— GOAL OF THE EXERCISE —
Copy each line of the records below that mentions the word "after".
+ + + + + + +
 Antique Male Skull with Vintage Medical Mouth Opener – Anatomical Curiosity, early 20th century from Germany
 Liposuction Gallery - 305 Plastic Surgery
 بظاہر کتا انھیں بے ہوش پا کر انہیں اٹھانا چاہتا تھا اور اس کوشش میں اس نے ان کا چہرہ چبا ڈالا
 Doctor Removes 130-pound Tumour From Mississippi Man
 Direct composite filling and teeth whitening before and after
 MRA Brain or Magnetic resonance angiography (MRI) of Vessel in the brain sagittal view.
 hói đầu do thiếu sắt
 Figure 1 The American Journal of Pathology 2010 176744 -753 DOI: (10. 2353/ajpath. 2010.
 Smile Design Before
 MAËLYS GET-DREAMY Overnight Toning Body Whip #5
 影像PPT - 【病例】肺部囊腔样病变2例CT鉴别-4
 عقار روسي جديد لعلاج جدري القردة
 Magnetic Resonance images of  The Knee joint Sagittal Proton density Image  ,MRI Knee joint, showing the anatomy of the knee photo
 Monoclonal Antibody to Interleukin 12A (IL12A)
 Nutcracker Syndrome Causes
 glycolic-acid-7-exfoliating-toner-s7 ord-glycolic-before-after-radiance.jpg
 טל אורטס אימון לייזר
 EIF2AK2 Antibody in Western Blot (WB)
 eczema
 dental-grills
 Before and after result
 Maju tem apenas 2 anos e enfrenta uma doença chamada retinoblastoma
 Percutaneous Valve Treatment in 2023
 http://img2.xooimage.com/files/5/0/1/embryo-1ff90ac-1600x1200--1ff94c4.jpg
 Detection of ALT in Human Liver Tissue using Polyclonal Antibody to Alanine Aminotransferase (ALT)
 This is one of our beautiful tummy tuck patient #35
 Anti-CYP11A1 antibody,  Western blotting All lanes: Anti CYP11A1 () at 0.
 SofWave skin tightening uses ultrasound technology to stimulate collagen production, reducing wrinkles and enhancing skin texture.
+ + + + + + +
— RESPONSE TO THIS TASK —
 Direct composite filling and teeth whitening before and after
 glycolic-acid-7-exfoliating-toner-s7 ord-glycolic-before-after-radiance.jpg
 Before and after result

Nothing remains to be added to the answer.